F-35 Faces Parts Problems After Turks Expulsion

F-35 Faces Parts Problems After Turks Expulsion

WASHINGTON: It’s a familiar tale, if one told with fewer operational problems. The Government Accountability Office today details a $1.5 billion increase for 2019 in the F-35’s Block 4 costs — now up to $12.1 billion — and serious parts problems caused by the expulsion of Turkey from the Joint Strike Fighter program.

And that cost estimate may not be completely accurate, the GAO audit found, because “the cost estimate did not fully adhere to leading practices, such as including all life cycle costs.”

The program “is already addressing, to include: cost estimate baselines, risk and uncertainty analyses, and evaluation of Technology Readiness Levels for Block 4 hardware and capabilities,” Program Executive Officer Lt. Gen.
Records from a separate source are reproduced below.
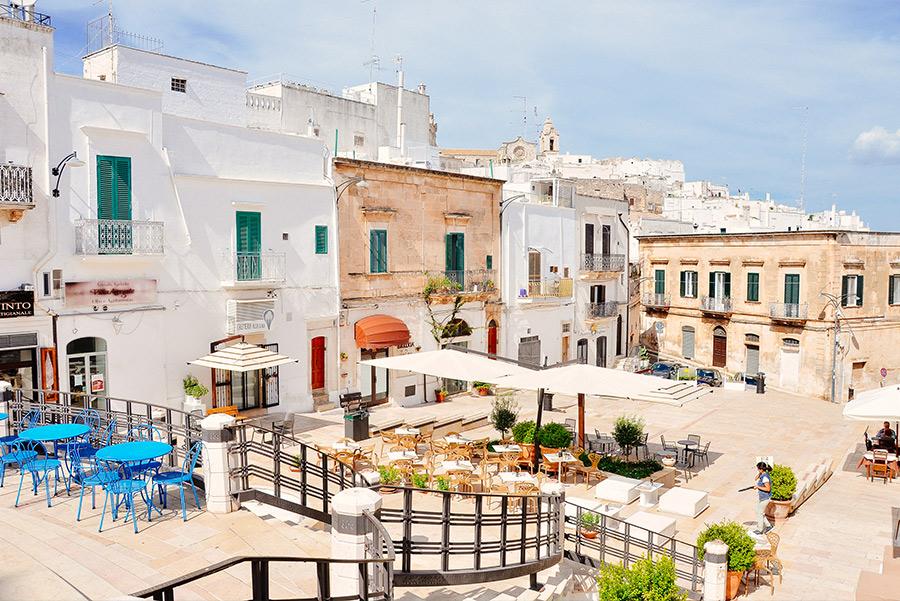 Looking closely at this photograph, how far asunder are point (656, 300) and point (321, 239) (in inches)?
1054

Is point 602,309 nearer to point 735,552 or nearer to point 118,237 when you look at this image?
point 118,237

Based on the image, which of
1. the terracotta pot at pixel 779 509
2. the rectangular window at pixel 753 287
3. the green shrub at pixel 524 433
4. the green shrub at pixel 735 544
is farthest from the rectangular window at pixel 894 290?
the green shrub at pixel 735 544

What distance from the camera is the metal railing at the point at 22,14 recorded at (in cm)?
1559

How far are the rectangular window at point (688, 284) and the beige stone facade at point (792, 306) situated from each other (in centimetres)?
6

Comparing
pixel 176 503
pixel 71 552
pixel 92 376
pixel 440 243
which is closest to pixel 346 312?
Answer: pixel 440 243

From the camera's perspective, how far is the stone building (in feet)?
77.4

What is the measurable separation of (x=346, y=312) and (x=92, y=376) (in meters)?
8.19

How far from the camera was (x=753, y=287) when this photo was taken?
38469 mm

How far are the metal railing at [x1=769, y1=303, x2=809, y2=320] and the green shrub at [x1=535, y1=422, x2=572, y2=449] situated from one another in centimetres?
2366

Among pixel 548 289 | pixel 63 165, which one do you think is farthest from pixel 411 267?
pixel 63 165

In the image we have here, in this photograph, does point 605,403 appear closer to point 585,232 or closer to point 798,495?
point 585,232

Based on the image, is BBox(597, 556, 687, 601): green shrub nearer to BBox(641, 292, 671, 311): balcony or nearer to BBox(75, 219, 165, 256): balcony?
BBox(75, 219, 165, 256): balcony

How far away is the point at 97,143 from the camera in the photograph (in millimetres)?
17125

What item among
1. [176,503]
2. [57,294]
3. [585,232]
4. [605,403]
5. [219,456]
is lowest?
[605,403] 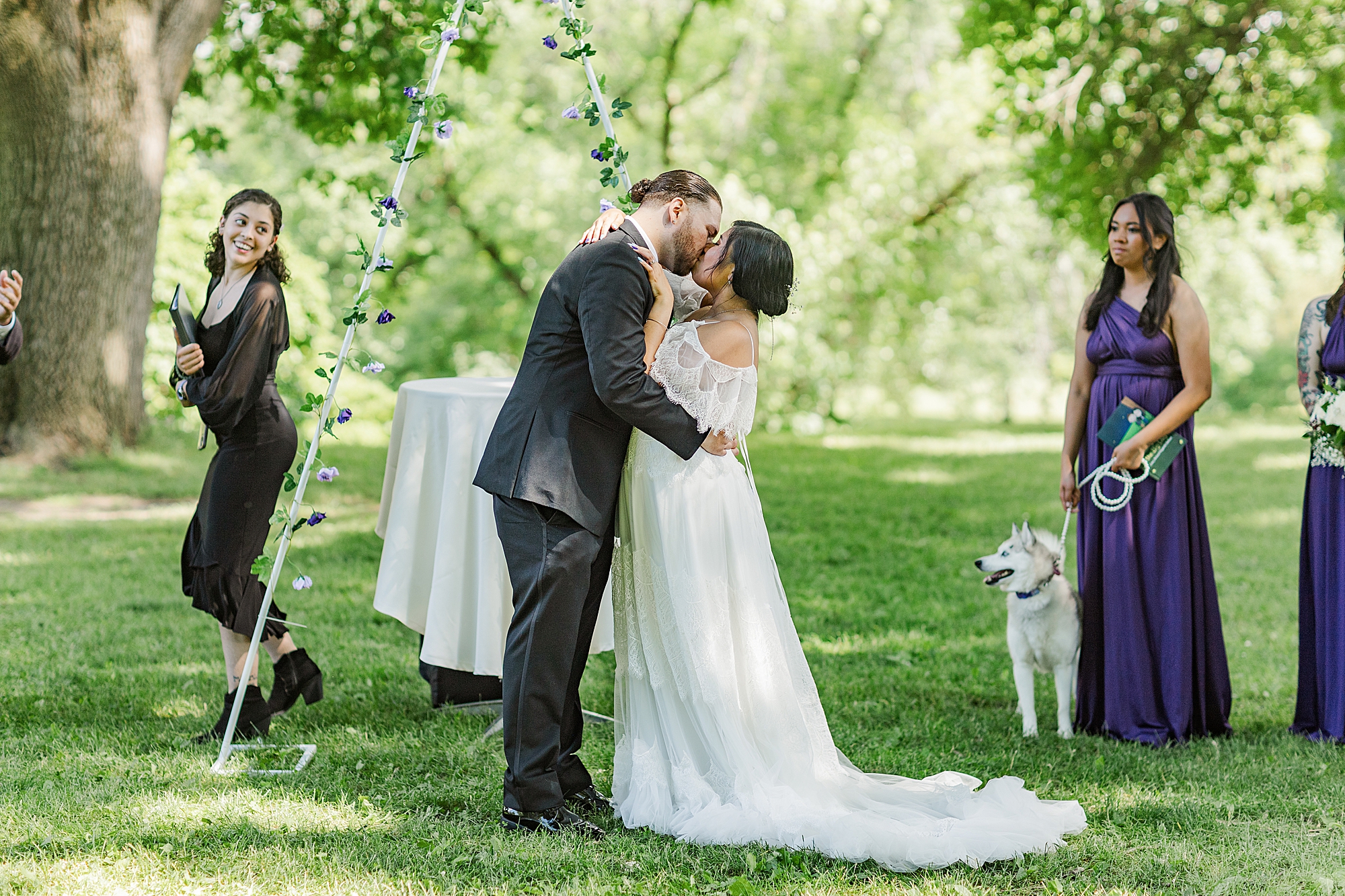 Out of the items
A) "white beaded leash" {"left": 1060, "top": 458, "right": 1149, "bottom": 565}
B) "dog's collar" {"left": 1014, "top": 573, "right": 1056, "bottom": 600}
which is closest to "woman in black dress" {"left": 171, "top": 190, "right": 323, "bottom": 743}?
"dog's collar" {"left": 1014, "top": 573, "right": 1056, "bottom": 600}

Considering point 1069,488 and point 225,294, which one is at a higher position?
point 225,294

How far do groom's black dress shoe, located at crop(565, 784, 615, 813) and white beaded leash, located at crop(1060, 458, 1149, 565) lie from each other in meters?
2.24

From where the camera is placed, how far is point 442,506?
477 cm

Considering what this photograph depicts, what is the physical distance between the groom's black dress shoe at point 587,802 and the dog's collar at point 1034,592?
2.01 m

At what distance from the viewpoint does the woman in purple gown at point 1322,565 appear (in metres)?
4.73

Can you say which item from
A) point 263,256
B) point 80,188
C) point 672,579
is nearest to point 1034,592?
point 672,579

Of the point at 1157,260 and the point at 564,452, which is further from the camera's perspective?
the point at 1157,260

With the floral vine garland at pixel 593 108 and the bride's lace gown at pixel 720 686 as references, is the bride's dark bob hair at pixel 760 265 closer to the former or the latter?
the bride's lace gown at pixel 720 686

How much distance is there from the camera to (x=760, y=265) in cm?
361

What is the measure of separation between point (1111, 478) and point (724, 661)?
7.15 ft

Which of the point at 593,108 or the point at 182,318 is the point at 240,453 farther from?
the point at 593,108

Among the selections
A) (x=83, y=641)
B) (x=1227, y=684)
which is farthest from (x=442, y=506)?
(x=1227, y=684)

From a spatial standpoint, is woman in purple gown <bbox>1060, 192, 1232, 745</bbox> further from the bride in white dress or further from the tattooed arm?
the bride in white dress

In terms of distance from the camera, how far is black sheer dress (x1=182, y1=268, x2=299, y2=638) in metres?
4.37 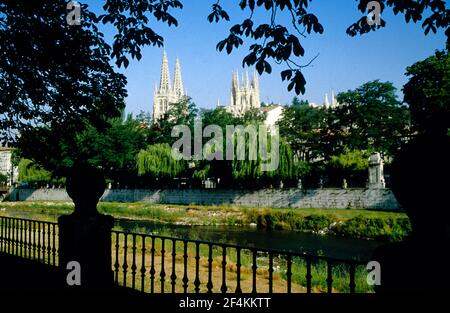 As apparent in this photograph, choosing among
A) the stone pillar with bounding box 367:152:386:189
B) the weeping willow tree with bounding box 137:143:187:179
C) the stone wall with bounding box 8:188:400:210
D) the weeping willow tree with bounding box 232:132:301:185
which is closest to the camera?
the stone pillar with bounding box 367:152:386:189

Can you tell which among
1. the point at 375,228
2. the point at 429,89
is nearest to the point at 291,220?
the point at 375,228

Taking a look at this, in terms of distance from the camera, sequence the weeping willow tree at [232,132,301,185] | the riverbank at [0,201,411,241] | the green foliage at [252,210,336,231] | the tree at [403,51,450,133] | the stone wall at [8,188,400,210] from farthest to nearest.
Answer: the weeping willow tree at [232,132,301,185] < the stone wall at [8,188,400,210] < the tree at [403,51,450,133] < the green foliage at [252,210,336,231] < the riverbank at [0,201,411,241]

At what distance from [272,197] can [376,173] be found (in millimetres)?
11358

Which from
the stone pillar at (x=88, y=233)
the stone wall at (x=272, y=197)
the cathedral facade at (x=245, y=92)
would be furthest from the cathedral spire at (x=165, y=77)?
the stone pillar at (x=88, y=233)

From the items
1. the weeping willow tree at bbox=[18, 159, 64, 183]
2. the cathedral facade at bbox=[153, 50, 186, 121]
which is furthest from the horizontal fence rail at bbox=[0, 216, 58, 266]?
the cathedral facade at bbox=[153, 50, 186, 121]

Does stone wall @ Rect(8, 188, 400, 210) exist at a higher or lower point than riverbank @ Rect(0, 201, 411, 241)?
higher

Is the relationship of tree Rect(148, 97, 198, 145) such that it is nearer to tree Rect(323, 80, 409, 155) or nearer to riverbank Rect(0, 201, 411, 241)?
riverbank Rect(0, 201, 411, 241)

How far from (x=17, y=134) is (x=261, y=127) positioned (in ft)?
110

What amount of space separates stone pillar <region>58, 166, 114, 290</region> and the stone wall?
106 feet

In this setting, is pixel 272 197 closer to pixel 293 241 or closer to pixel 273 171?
pixel 273 171

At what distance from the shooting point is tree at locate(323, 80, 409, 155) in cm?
4684

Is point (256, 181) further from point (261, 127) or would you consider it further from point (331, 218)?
point (331, 218) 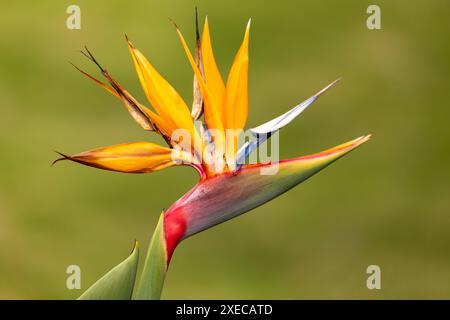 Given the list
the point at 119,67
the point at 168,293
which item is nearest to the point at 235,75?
the point at 168,293

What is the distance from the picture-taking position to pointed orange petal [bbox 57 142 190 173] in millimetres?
1242

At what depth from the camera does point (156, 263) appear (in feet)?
4.16

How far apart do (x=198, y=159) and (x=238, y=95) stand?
0.43ft

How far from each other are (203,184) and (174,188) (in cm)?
252

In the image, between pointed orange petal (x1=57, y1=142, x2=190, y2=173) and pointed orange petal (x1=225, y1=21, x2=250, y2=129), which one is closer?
pointed orange petal (x1=57, y1=142, x2=190, y2=173)

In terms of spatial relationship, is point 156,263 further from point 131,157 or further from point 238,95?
point 238,95

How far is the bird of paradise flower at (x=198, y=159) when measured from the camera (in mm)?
1264

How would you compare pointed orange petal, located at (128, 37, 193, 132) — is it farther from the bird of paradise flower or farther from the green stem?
the green stem

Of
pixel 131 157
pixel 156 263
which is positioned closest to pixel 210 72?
pixel 131 157

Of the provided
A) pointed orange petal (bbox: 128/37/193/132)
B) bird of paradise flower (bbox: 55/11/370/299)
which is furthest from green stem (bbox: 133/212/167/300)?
pointed orange petal (bbox: 128/37/193/132)

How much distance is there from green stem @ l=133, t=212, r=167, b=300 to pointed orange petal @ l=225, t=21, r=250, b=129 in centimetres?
22

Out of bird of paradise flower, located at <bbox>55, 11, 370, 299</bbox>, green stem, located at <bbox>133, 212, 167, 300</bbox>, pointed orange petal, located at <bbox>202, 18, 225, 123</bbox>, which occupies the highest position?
pointed orange petal, located at <bbox>202, 18, 225, 123</bbox>

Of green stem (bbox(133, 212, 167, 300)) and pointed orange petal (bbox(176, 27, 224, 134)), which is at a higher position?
pointed orange petal (bbox(176, 27, 224, 134))

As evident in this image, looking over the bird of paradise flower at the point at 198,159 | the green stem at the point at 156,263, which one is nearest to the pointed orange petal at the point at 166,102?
the bird of paradise flower at the point at 198,159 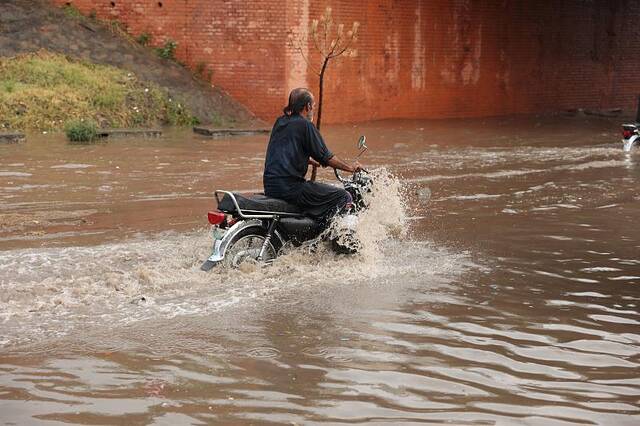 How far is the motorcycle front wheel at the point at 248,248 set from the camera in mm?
9344

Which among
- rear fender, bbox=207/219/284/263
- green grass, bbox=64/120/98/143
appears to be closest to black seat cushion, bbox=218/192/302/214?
rear fender, bbox=207/219/284/263

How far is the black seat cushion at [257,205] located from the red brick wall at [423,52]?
14.7m

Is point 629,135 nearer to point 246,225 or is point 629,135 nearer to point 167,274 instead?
point 246,225

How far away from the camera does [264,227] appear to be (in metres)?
9.56

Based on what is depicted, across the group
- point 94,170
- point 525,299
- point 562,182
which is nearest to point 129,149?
point 94,170

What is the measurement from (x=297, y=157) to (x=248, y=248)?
98cm

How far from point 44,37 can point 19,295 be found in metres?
16.4

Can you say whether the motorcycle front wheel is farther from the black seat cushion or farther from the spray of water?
the black seat cushion

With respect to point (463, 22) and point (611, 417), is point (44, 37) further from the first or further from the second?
point (611, 417)

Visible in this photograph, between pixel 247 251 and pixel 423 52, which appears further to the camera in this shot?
pixel 423 52

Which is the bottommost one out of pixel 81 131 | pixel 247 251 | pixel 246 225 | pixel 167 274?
pixel 167 274

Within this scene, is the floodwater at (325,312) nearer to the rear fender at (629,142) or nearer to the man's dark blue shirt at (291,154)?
the man's dark blue shirt at (291,154)

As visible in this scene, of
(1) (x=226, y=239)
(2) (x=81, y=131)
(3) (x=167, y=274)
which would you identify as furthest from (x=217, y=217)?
(2) (x=81, y=131)

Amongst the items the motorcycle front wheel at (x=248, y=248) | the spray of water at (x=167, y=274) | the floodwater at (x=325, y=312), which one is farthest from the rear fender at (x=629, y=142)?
the motorcycle front wheel at (x=248, y=248) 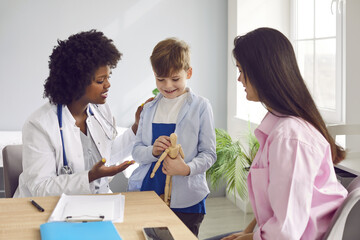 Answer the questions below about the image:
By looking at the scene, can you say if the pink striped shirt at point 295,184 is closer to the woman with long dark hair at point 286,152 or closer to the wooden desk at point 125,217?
the woman with long dark hair at point 286,152

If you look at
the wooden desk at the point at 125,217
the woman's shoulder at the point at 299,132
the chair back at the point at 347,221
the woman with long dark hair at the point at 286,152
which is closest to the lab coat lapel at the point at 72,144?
the wooden desk at the point at 125,217

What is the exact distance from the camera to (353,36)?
2676 millimetres

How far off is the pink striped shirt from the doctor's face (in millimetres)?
925

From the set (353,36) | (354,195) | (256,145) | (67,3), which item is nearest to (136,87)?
(67,3)

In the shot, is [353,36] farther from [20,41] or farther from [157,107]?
[20,41]

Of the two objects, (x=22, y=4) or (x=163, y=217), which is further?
(x=22, y=4)

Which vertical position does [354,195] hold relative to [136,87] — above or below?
below

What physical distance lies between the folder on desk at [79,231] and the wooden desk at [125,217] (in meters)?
0.03

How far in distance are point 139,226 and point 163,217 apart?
11cm

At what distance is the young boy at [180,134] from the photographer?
1989mm

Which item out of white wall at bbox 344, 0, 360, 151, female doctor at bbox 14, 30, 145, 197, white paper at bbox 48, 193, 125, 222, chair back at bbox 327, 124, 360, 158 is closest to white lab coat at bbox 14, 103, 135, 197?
female doctor at bbox 14, 30, 145, 197

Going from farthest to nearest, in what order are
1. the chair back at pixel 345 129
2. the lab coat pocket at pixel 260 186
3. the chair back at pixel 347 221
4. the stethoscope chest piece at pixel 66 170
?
the chair back at pixel 345 129 < the stethoscope chest piece at pixel 66 170 < the lab coat pocket at pixel 260 186 < the chair back at pixel 347 221

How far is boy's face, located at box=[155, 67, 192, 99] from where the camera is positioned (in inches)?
78.9

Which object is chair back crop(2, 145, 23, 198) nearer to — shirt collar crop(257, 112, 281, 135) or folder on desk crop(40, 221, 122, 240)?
folder on desk crop(40, 221, 122, 240) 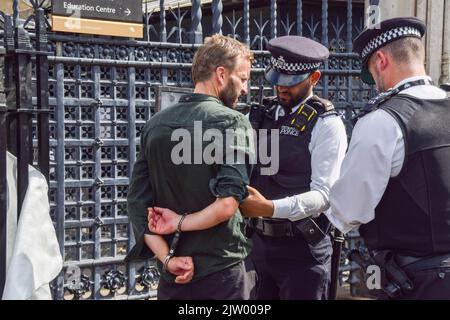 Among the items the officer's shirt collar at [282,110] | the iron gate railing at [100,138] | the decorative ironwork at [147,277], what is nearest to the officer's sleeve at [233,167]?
the officer's shirt collar at [282,110]

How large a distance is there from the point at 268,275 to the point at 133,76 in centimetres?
226

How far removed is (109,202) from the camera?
200 inches

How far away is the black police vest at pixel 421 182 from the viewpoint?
8.64ft

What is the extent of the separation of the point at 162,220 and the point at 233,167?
40 cm

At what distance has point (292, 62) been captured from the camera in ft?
11.9

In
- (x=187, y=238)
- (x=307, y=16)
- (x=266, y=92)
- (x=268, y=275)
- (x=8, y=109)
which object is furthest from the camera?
(x=307, y=16)

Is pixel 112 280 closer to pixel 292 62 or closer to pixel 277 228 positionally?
pixel 277 228

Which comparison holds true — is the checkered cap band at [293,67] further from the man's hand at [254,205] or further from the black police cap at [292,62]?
the man's hand at [254,205]

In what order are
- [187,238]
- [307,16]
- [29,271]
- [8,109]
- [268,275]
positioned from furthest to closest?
[307,16], [268,275], [8,109], [29,271], [187,238]

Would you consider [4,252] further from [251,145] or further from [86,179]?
[86,179]

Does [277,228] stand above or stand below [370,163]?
below

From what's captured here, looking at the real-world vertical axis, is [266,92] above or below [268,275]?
above

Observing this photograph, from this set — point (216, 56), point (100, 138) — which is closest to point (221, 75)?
point (216, 56) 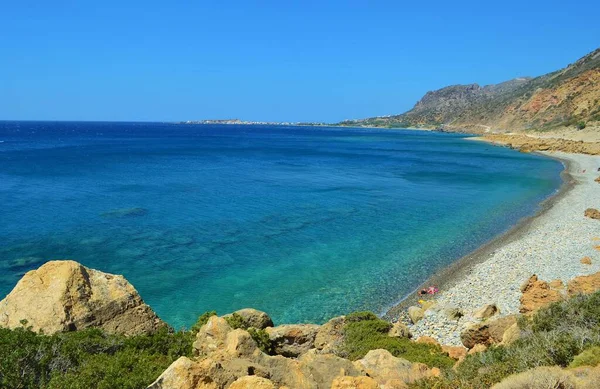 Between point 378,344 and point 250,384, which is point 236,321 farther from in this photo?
point 250,384

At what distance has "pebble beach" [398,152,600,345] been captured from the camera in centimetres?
1792

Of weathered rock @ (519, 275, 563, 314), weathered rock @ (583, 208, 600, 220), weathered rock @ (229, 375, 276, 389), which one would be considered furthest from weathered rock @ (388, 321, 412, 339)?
weathered rock @ (583, 208, 600, 220)

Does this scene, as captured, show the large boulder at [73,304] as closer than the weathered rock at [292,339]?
Yes

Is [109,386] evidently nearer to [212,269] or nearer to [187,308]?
[187,308]

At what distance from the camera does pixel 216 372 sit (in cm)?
708

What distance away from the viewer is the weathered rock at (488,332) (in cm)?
1298

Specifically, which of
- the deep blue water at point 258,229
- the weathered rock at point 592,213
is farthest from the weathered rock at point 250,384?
the weathered rock at point 592,213

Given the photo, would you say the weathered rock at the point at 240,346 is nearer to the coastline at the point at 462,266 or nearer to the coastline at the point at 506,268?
the coastline at the point at 506,268

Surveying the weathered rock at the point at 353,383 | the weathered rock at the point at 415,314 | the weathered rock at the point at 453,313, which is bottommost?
the weathered rock at the point at 415,314

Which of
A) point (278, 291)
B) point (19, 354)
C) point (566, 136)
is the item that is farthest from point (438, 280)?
point (566, 136)

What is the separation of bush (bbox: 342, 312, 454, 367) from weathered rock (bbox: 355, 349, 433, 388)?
1.63 meters

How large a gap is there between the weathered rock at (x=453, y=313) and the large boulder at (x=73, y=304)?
451 inches

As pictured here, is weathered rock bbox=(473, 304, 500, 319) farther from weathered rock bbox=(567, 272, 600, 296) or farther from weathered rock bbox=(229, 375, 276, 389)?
weathered rock bbox=(229, 375, 276, 389)

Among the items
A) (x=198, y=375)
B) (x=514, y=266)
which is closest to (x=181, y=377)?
(x=198, y=375) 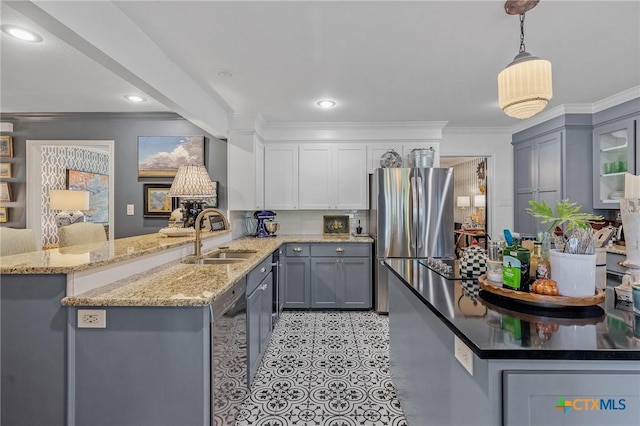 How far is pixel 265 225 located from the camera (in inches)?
168

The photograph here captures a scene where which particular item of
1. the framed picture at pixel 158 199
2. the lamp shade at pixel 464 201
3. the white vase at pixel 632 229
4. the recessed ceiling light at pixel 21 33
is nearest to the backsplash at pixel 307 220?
the framed picture at pixel 158 199

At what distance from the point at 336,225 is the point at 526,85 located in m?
A: 3.20

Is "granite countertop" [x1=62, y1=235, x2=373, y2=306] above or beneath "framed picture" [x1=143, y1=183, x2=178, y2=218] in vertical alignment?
beneath

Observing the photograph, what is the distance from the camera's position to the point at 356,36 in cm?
211

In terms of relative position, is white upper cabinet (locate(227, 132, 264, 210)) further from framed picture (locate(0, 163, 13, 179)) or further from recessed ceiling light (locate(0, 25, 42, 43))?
framed picture (locate(0, 163, 13, 179))

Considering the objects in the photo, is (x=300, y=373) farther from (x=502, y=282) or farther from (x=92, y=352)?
(x=502, y=282)

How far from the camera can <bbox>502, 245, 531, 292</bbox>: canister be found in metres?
1.25

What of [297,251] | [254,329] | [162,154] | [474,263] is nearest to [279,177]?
[297,251]

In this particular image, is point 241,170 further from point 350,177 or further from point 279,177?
point 350,177

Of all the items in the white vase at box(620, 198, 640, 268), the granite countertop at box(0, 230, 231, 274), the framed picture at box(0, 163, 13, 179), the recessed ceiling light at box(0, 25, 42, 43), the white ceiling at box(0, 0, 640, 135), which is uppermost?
the white ceiling at box(0, 0, 640, 135)

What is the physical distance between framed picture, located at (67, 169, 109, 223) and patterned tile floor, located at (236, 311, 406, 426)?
4697 millimetres

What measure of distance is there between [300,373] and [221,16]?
102 inches

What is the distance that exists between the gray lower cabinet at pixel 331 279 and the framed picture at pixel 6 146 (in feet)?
11.7

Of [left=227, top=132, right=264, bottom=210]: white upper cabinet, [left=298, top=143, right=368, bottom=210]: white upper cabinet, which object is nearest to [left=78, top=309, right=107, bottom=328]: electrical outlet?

Eric Fick said in a prepared statement.

But the bigger problem in the short term is that 15 key parts for the $428 billion F-35 program are “not currently being produced at the needed production rate.” How serious is this problem? How and how much will it slow production?

“The program has identified new sources for 1,005 parts produced by Turkish suppliers, but the program is assessing the effect of 15 key parts not currently being produced at the needed production rate,” the GAO audit found. I asked the JSF PEO for details and did not receive an answer by press time.

This comes on top of parts that continue to arrive late for production. The Defense Contract Management Agency found that “between August 2017 and July 2019, the number of parts delivered late increased from under 2,000 to more than 10,000. Contractors told the government that “roughly 60 percent of parts shortages are attributable to 20 suppliers.”

The other broadly significant finding by the GAO is that the program is “not meeting manufacturing leading practices identified by GAO. Specifically, only about 3,000 of the over 10,000 airframe contractor’s manufacturing key processes meet predefined design standards for ensuring product quality. Also, the fielded aircraft, over 500 so far, do not meet the program’s reliability and maintainability goals. Although the contractor is changing manufacturing processes to address problems and improve efficiency, more remains to be done. Unless the program office evaluates the risks of not meeting these leading practices, the military services and international partners are at risk of not receiving the quality aircraft they purchased.”

Boil that down — price is coming down, many, many fixes have been made to the Lockheed Martin aircraft, but the Air Force, Navy, Marines and many American allies and partners are getting aircraft that aren’t as good as they should be.